Je vous avais expliqué que j'allais faire un peu de veille avec mes élèves, j'ai commencé et je dois ramasser le premier article demain 8 heures dernier délai. J'ai été correct au départ, j'ai demandé un article au choix de l'élève, j'ai même accepté une vidéo youtube puisqu'on me l'a demandé. Aucun thème imposé donc et on se retrouve avec des élèves qui se questionnent sur ce qu'ils doivent choisir, comprenez qu'ils ne sont intéressés par rien ou pas grand chose et qu'ils auraient été soulagés que j'impose quelque chose pour prendre le premier article qui passe sans une once de réflexion. A raison d'une heure d'informatique par semaine, les ambitions sont faibles malgré la démesure complète du programme, en ce moment je fais le forcing sur l'utilisation de SCOLINFO. C'est une nécessité, il faut faire venir les gosses sur SCOLINFO pour qu'ils prennent les informations, qu'ils aillent regarder leurs notes, qu'ils communiquent avec leurs enseignants. 
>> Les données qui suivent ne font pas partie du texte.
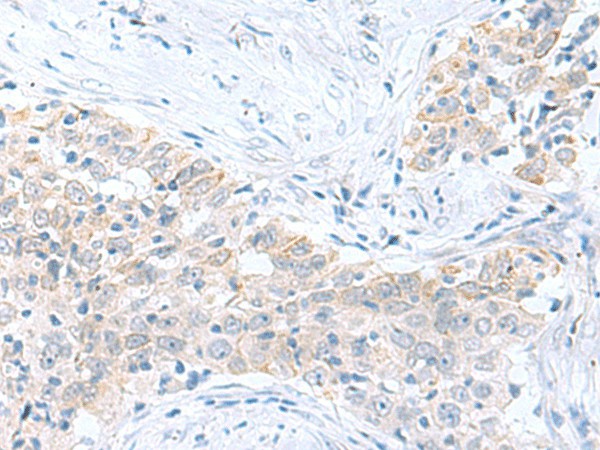 Immunohistochemistry of paraffin-embedded Human esophagus cancer tissue  using PDE6D Polyclonal Antibody at dilution of 1:60(?200)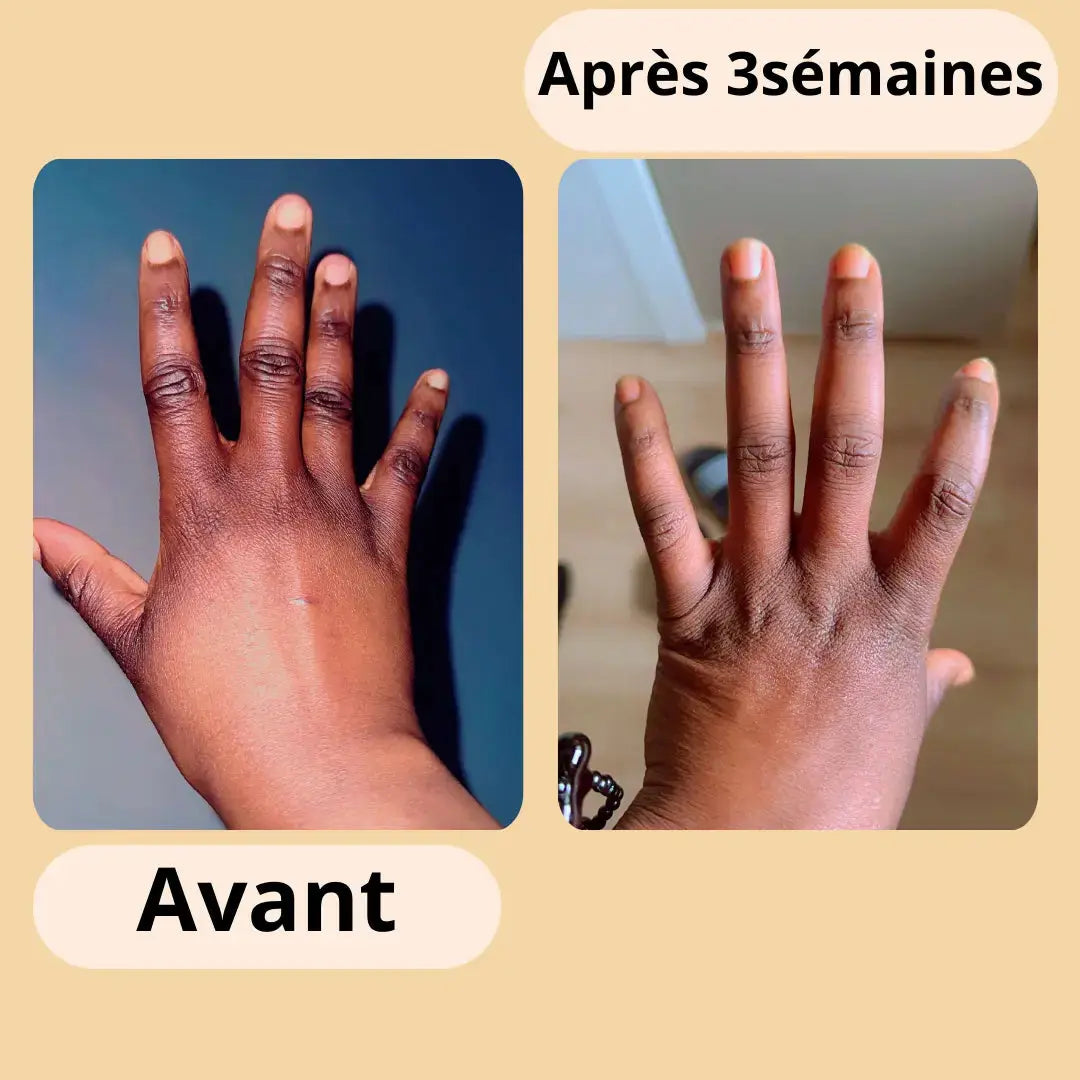 photo avant et après yole beauty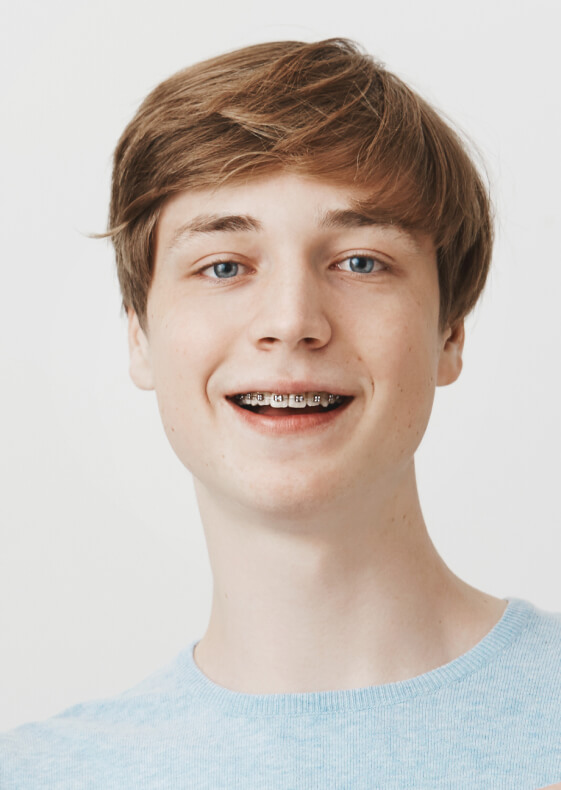 Исправление прикуса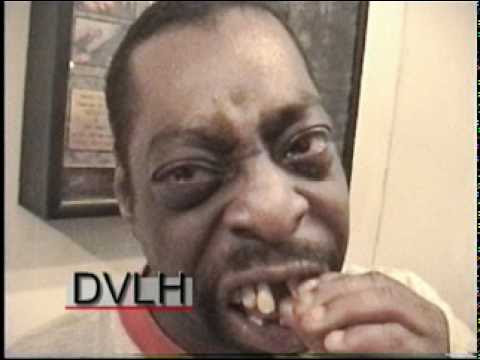Beetlejuice's teeth...before his dentist appointment to ...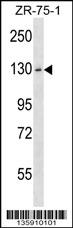 HKDC1 Antibody (C-term) (Cat. #AP16912b) western blot analysis in ZR-75-1 cell line lysates (35ug/lane).This demonstrates the HKDC1 antibody detected the HKDC1 protein (arrow).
La semaine dernière j'ai fait une évaluation par SCOLINFO, et j'ai demandé aux élèves de me donner une image de deux façons : en me l'envoyant par mail, en la déposant dans l'enveloppe. Le système est super intuitif, l'élève va à la date du devoir, clique sur l'enveloppe rouge, dépose son devoir en faisant parcourir un fichier, l'enveloppe passe au vert. Nous sommes jeudi soir au moment où vous lisez ces lignes, il est 19 heures passées, admirez le nombre d'élèves qui ont fait le boulot. En fait ce compte n'est pas exact, de nombreux élèves me l'ont envoyé par mail, ce que je refuse car j'ai donné cette consigne simple et mes collègues commencent aussi à pratiquer si bien qu'on a besoin d'avoir des élèves qui fonctionnent sur ces outils. 

La compétence de déposer un fichier dans l'enveloppe a été très largement validée par les élèves la semaine dernière, ils sont une fois de plus incapables de lire une consigne. J'ai balancé dans la semaine un mail pour rappeler le travail et la procédure, comme ça n'a pas avancé, j'ai poussé une gueulante dans les salles ce jeudi après midi, les devoirs arrivent ... par mail. Situation hallucinante, je reçois encore quatre mails, j'envoie un message de ce type : 

Bonsoir,

Je vais la refaire. En date du 30 septembre vous avez une enveloppe rouge dans laquelle déposer votre devoir, un fichier texte quelconque avec les réponses.

Je ne prendrai pas en compte les devoirs qui m'ont été envoyés par mail.

A demain

Cyrille BORNE

4 secondes après avoir envoyé ce message, j'ai une élève qui vient de m'envoyer un message par mail qui me demande si c'est bon ........... On me fera remarquer encore que je développe des trésors de patience, là où je devrais passer un abattage mais c'est le genre de situation qui bouscule la pédagogie. Les élèves actuels sont nuls en informatique, il faut en avoir conscience, et c'est très problématique, pas qu'au niveau informatique, c'est bien plus profond que ça. A l'heure actuelle pour la boutique, on fait réaliser à nos élèves des étiquettes à mettre sur des paquets d'amandes. Il s'agit de l'utilisation de Writer un tableau coupé en 8, les gosses remplissent avec leur étiquette et duplique. C'est l'occasion de leur montrer quelques bricoles, le droit sur les images, le poids des images ou encore les boîtes textes, le Word Art, enfin bref des notions de traitement de texte qui devraient être acquises depuis des années. Les problèmes rencontrés : 

En fait la situation est toujours la même, elle reste totalement inchangée. Ceux qui ont envie de comprendre, utiliser, le feront et n'auront pas besoin de l'école pour apprendre ce qui les intéresse comme souvent, comme ça a été le cas pour nombre d'entre nous qui se sont intéressés à l'informatique quand la grande majorité des gens de notre âge la subit encore. L'erreur de l'éducation nationale et des têtes pensantes, c'est de penser que parce que les élèves savent utiliser certains outils, ils ont la logique et les compétences pour utiliser tous les outils. Les compétences sont indéniablement plus dans la consommation que dans la conception, les heures passées devant des écrans à regarder ayant brisé chez beaucoup de gosses la notion de faire. C'est certainement ce point qui est le plus problématique, la solution passera à un moment ou un autre par l'arrêt partiel des écrans ou si on les utilise, pour en faire autre chose qu'une télé à peine plus intelligente.